▶ [About this task]:
Look through the listing below for the line containing "Speck Gemshell - Etui". Copy it and each line after it up to and including the line containing "Almaz Marsbek", exactly, leaving out pictures.

▶ [Input for this task]:

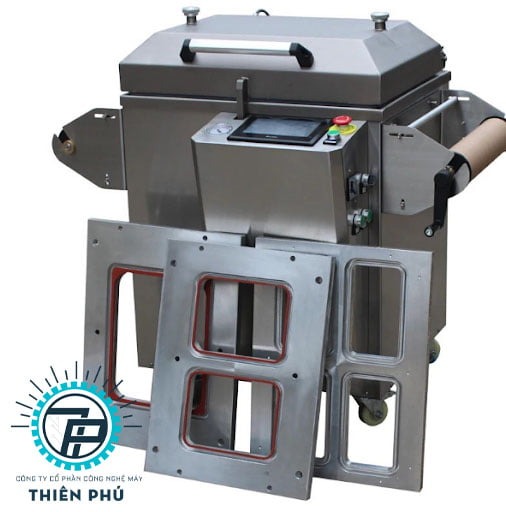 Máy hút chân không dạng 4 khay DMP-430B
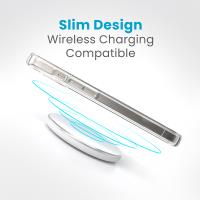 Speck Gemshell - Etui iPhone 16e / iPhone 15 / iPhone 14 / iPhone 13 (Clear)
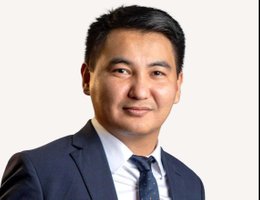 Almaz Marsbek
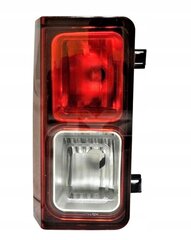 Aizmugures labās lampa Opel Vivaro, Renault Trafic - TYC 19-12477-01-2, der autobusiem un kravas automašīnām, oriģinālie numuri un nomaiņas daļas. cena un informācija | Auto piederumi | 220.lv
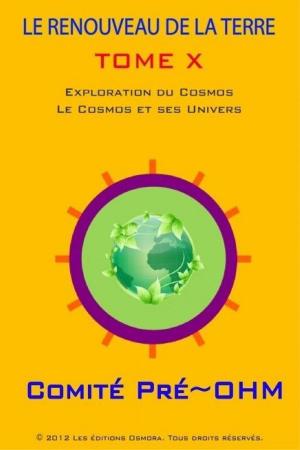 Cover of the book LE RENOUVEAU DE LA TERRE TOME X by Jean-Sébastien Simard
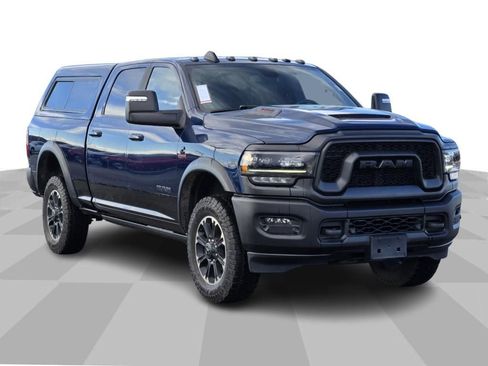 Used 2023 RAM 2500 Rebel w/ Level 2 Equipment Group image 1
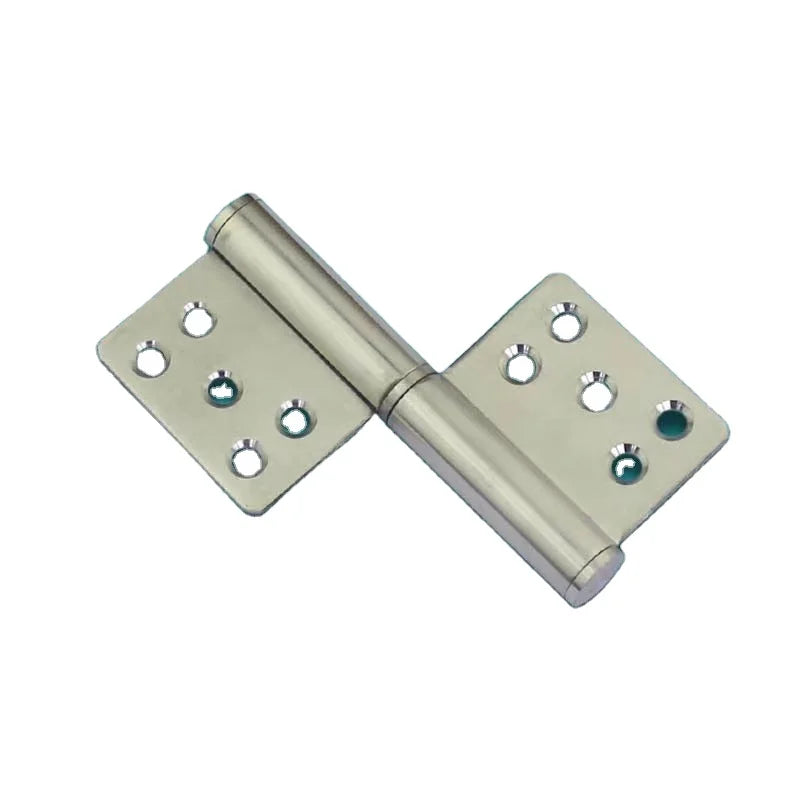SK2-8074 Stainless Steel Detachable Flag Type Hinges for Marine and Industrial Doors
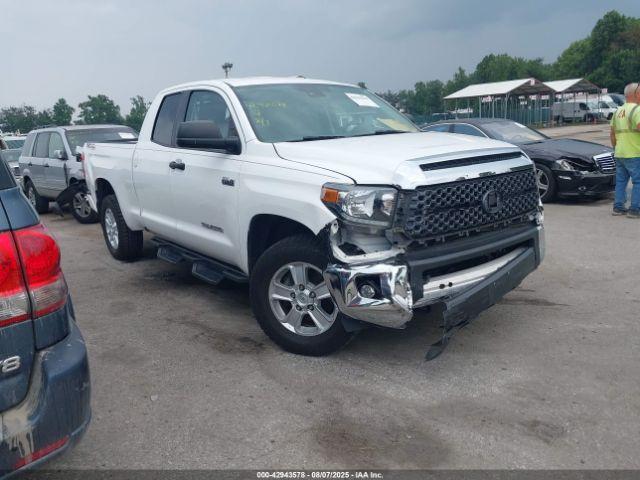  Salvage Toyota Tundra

...

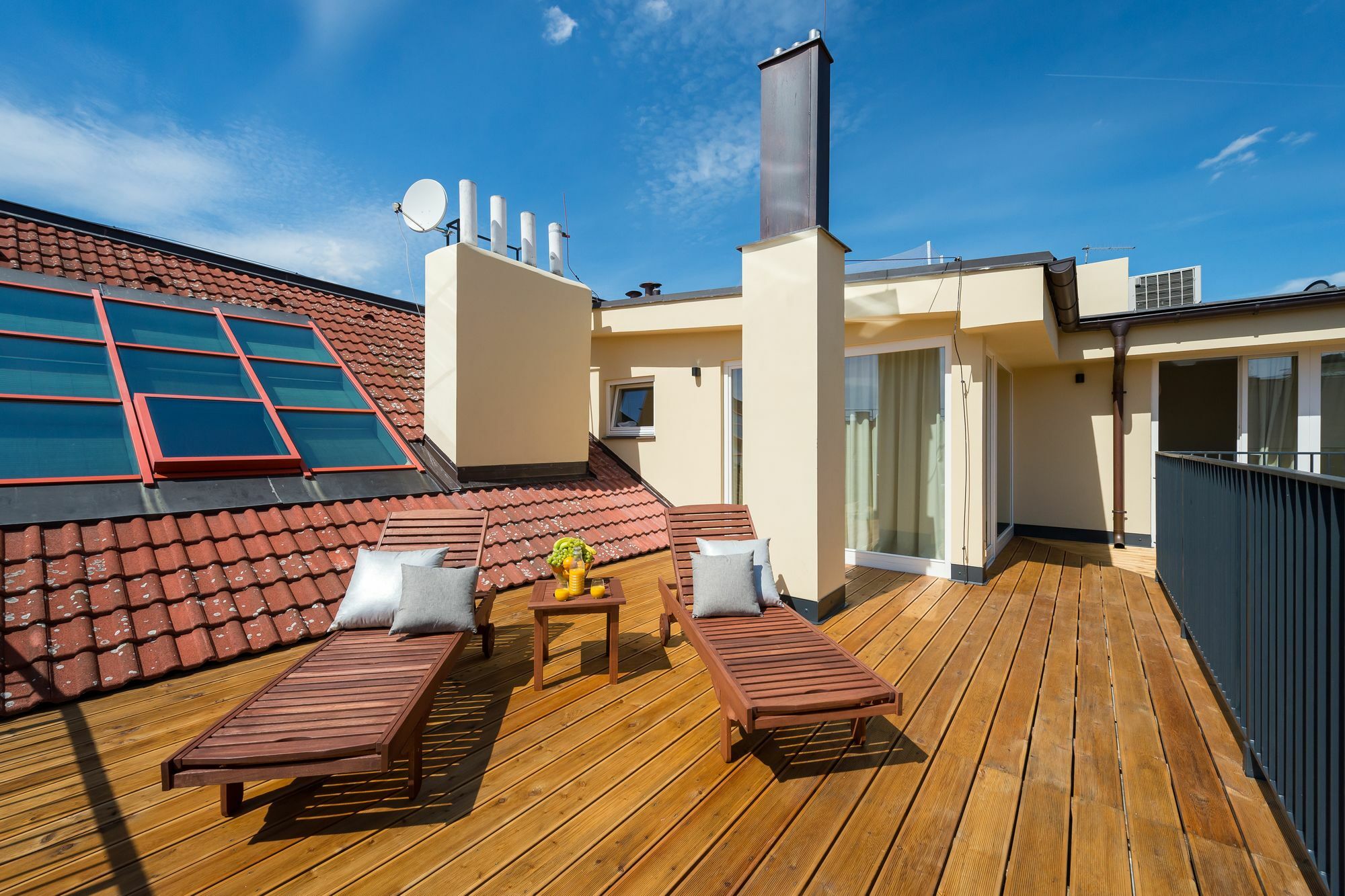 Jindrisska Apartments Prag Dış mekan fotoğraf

▶ [Your response]:
 Speck Gemshell - Etui iPhone 16e / iPhone 15 / iPhone 14 / iPhone 13 (Clear)
 Almaz Marsbek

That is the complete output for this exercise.